The path Mima has taken
伊藤美誠、17歳のルーツ
【技術特集】
平野早矢香が語る 伊藤美誠、必勝の法則

前半は母親・美乃りさんのコメントとともに、写真で伊藤選手の卓球人生の振り返り。
後半は平野早矢香さんが伊藤選手の強さを徹底解説している。

そして、「徹底解剖! 強者のスーパーテクVOL.10」では、
『森薗政崇の進化する連続攻撃』と題して、森薗選手の技術を本人が解説しており、森薗選手推しの私としては個人的に大いに楽しんだ。

で、今回取り上げるのはこの2つのビッグ企画ではなく、今月号から始まった素敵な新連載のほうである。

 

トップ選手同士の本音の語らい

1つ目の注目新連載はコチラ。

PtoP
Vol.1 松平賢二×水谷隼
~本音で語り合える友の存在~

選手(Player)と選手(Player)が語り合う対談企画、という、あるようでなかったこの企画。

第1弾は、松平賢二選手と水谷隼選手の同級生対談。

2人の出会いはバンビの頃。

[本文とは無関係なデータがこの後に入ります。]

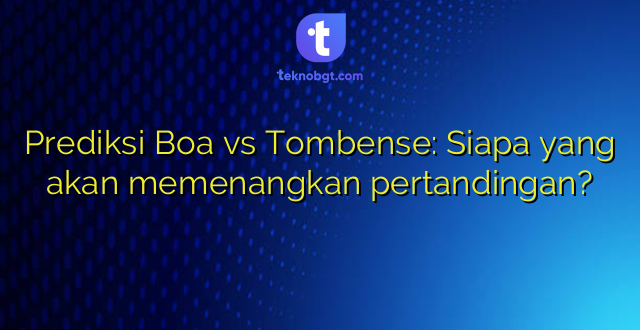 Prediksi Boa vs Tombense: Siapa yang akan memenangkan pertandingan?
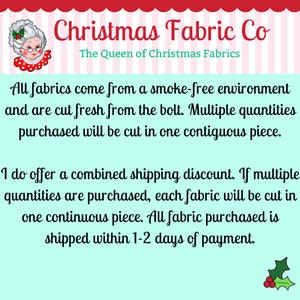 May include: An advertisement for Christmas Fabric Co., featuring a cartoon image of a woman in a red dress and white hat. The text reads "Christmas Fabric Co. The Queen of Christmas Fabrics. All fabrics come from a smoke-free environment and are cut fresh from the bolt. Multiple quantities purchased will be cut in one contiguous piece. I do offer a combined shipping discount. If multiple quantities are purchased, each fabric will be cut in one continuous piece. All fabric purchased is shipped within 1-2 days of payment."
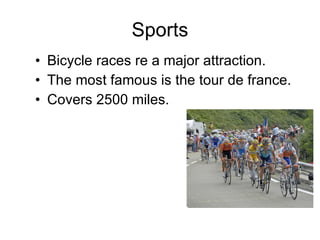 Sports Bicycle races re a major attraction. The most famous is the tour de france. Covers 2500 miles. 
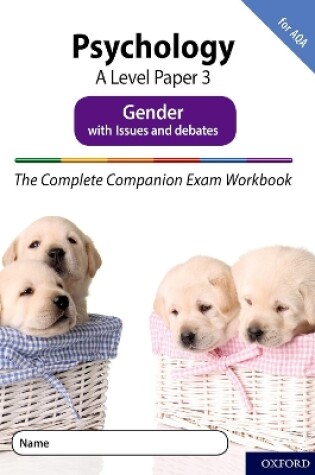 Cover of The Complete Companions Fourth Edition: 16-18: AQA Psychology A Level Paper 3 Exam Workbook: Gender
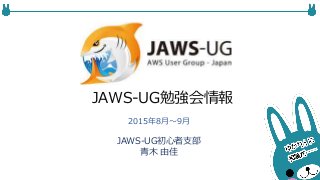 JAWS-UG勉強会情報
JAWS-UG初心者支部
青木 由佳
2015年8月〜9月
 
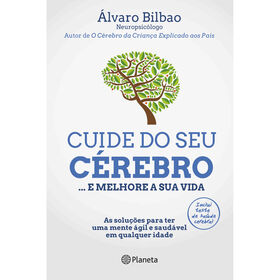 Cuide do Seu C&eacute;rebro... e Melhore a Sua Vida de &Aacute;lvaro Bilbao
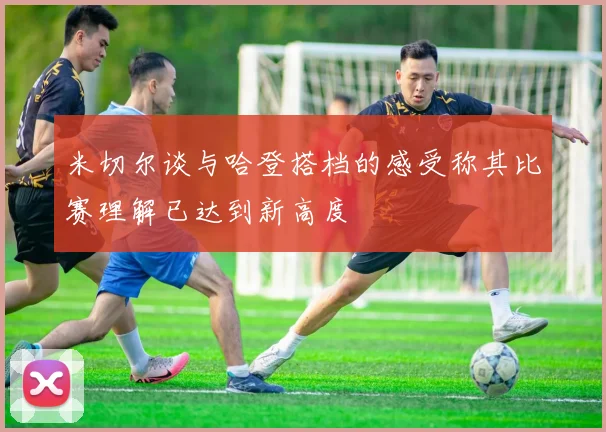 米切尔谈与哈登搭档的感受称其比赛理解已达到新高度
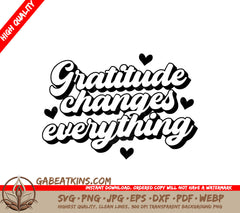 Gratitude Changes Everything SVG -  Sign Design SVG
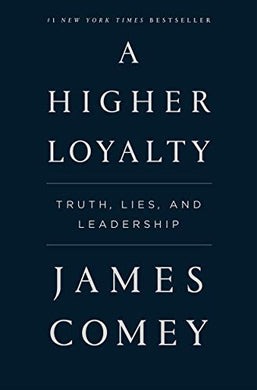 A Higher Loyalty : Truth, Lies, and Leadership - BookMarket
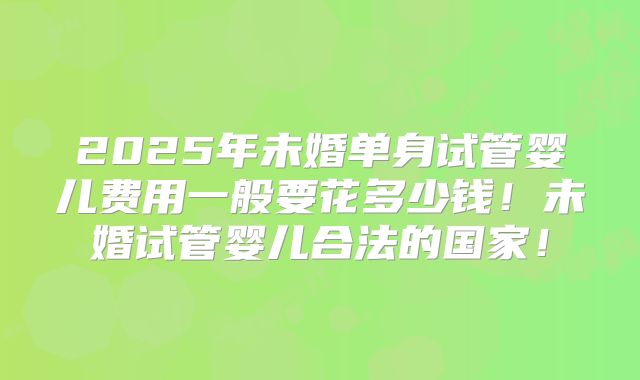 2025年未婚单身试管婴儿费用一般要花多少钱！未婚试管婴儿合法的国家！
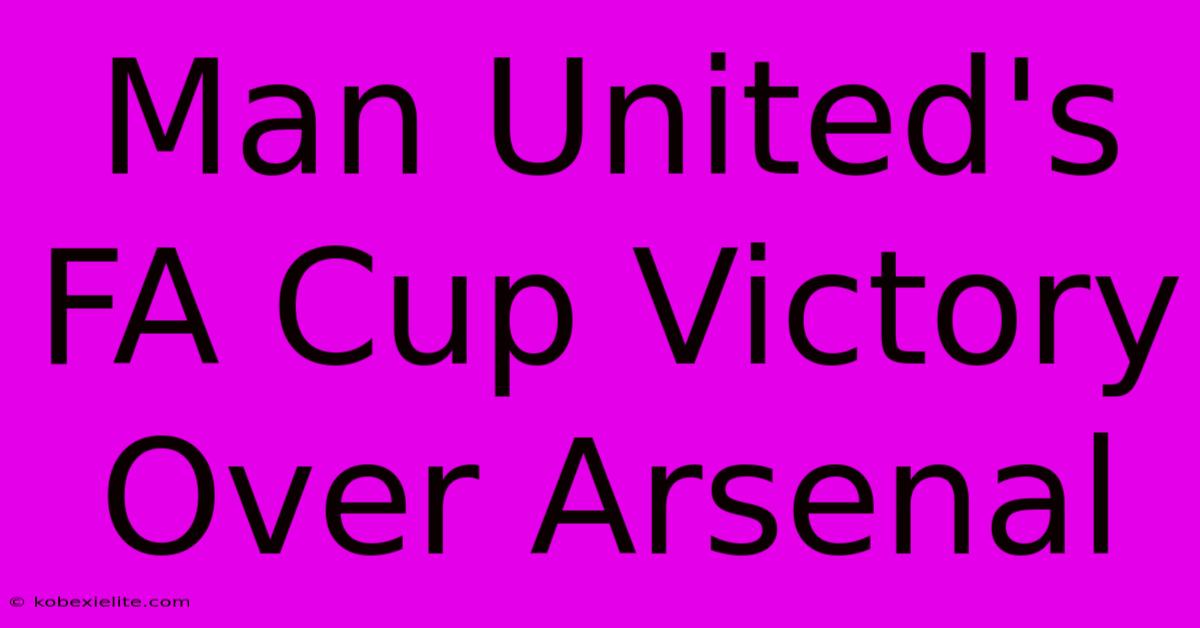 Man United's FA Cup Victory Over Arsenal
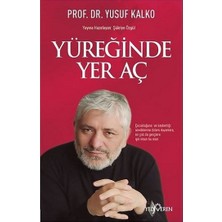 Yediveren Yüreğinde Yer Aç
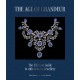 The Age of Grandeur: The definitive guide to 19th-century jewellery, from the Classical and Romantic to Art Nouveau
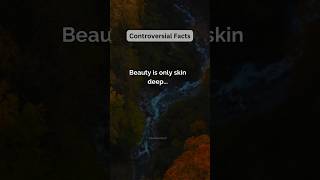 Beauty is only skin deep psychologyfactsaboutboyslove psychology facts [upl. by Sane152]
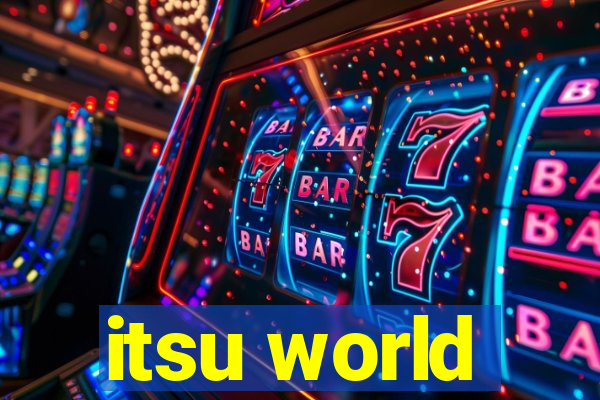 itsu world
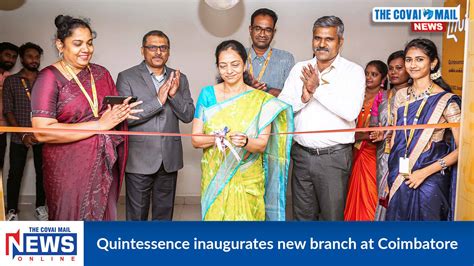 Quintessence Inaugurates New Branch At Coimbatore The Covai Mail
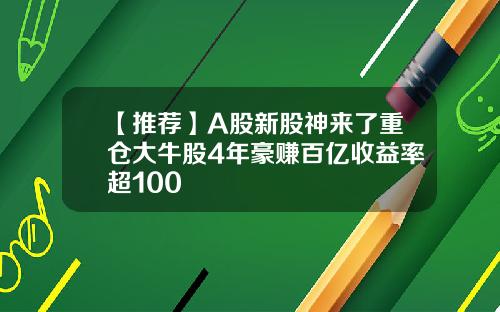 【推荐】A股新股神来了重仓大牛股4年豪赚百亿收益率超100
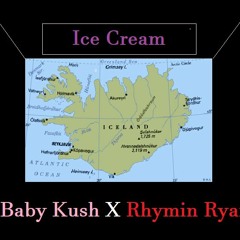 Ice Cream feat - Rhymin Ryan (freestyle)(Prod by Yusei)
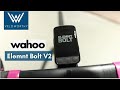 Wahoo element bolt v2  unboxing fonctionnalits et comparaison avec la v1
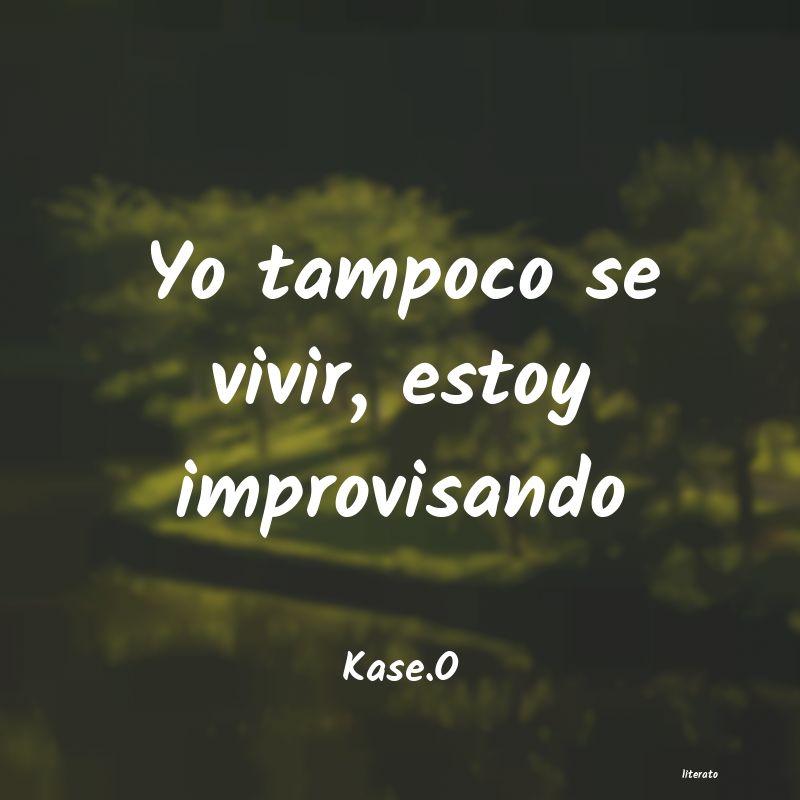 frases de Kase.O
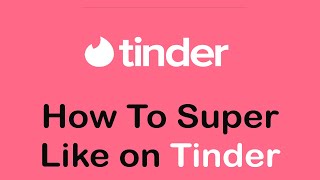 How To Super Like on Tinder (2022) | Use Tinder Super Like Tutorial screenshot 4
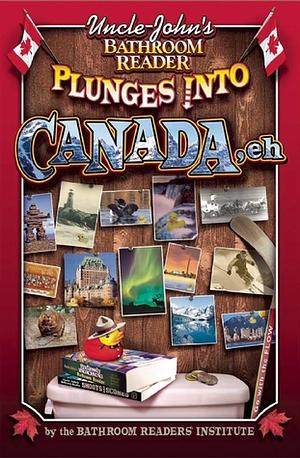 Uncle John's Bathroom Reader Plunges into Canada, Eh by Bathroom Readers' Institute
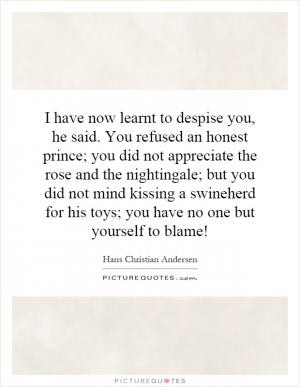 have now learnt to despise you, he said. You refused an honest ...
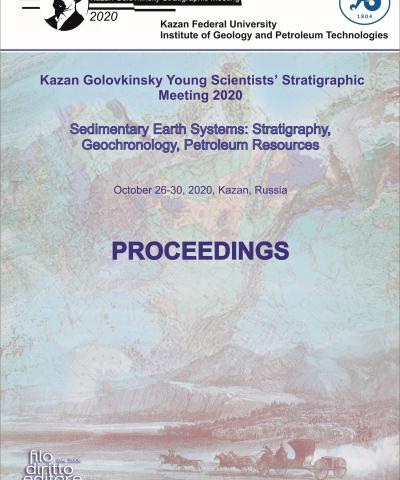 4th Kazan Golovkinsky Young Scientists’ Stratigraphic Meeting 2020:  Sedimentary Earth Systems: Stratigraphy, Geochronology, Petroleum Resources (Kazan, Russian Federation, 26-30 October 2020)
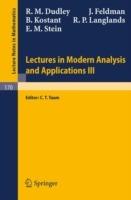 Lectures in Modern Analysis and Applications III - R. M. Dudley,J. Feldman,B. Kostant - cover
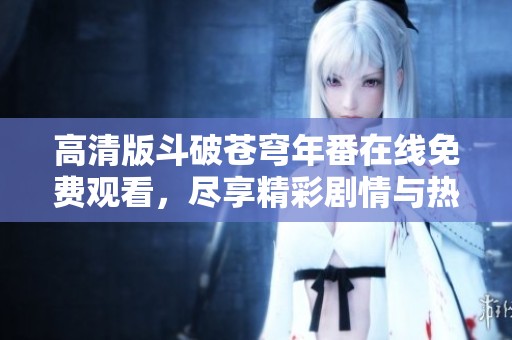 高清版斗破苍穹年番在线免费观看，尽享精彩剧情与热血战斗！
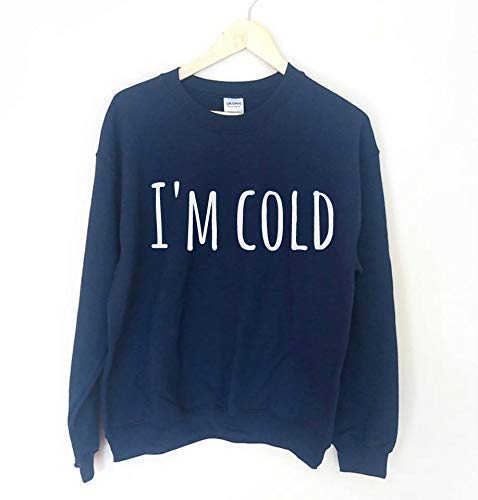 I'm cold Fun Jumper Ladies Sweatshirt For Winter Freezing Present Gift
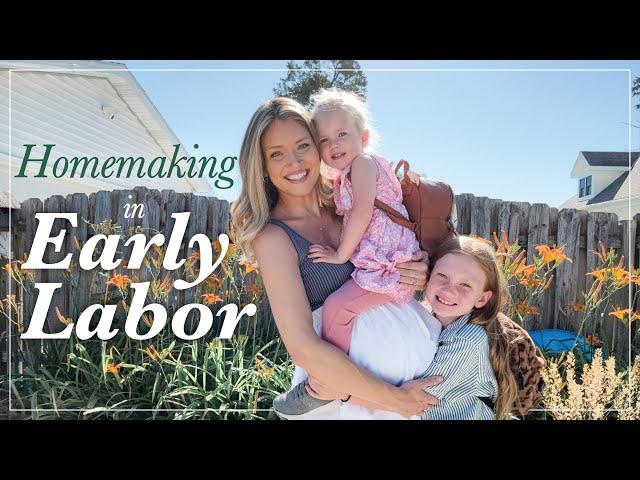 Beautiful Homemaking in Early Labor | Officially on Baby Watch!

お互いの印象は、「キノコみたいな髪型に紫色のハチマキ(松平談)」「ちっちゃいデブ(水谷談)」

のちに青森山田中でチームメイトになり、日本代表では日の丸を背負ってともに世界と戦った2人は、同級生であり、ライバルであり、そしてプライベートでも親交のある親友でもある。

さすがお互いをよく知っているだけあって、ズバズバと遠慮なく本音発言連発の水谷選手に対して、松平選手がツッコミを入れたり自虐で返したりと、息の合った夫婦漫才のような軽妙な掛け合いが実に面白い。

リオ五輪に関する2人の友情秘話も興味深かったが、個人的に面白かったのは、今の若手選手に対する2人の考え方の違いである。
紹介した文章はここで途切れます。